Professor and D.B. Lane Cancer Research Distinguished Professor
“We have not yet determined how to use MRD data in the standard day-to-day treatment of patients with CLL; however, I think that this will come with the data that we are generating in our current clinical trials.”
MRD is very important for our current efforts in clinical trials. We know that if we can eliminate all detectable disease and achieve an undetectable MRD status, patients with CLL will do much better long-term with respect to remaining in remission and having increased long-term survival. We are building MRD into all of our clinical trials right now because it gives us an earlier indication of how effective our newer treatments are by showing the depth of remission, which is an important indication of disease-free and overall survival.

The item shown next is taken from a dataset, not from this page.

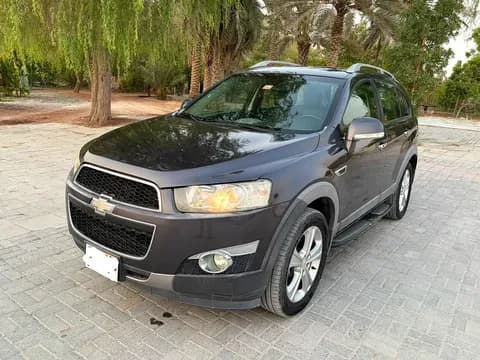شفروليه كابتيفا LTZ 2012 مستعملة شفروليه كابتيفا LTZ 2012 مستعملة used_cars.forSale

Currently, MRD assessment is less important in terms of standard of care in community practice, and we are not yet recommending that patients with CLL be assessed for MRD routinely. We have not yet determined how to use MRD data in the standard day-to-day treatment of patients with CLL; however, I think that this will come with the data that we are generating in our current clinical trials. I predict that MRD will be an important test in the community setting within the next couple of years, but we are not quite there yet.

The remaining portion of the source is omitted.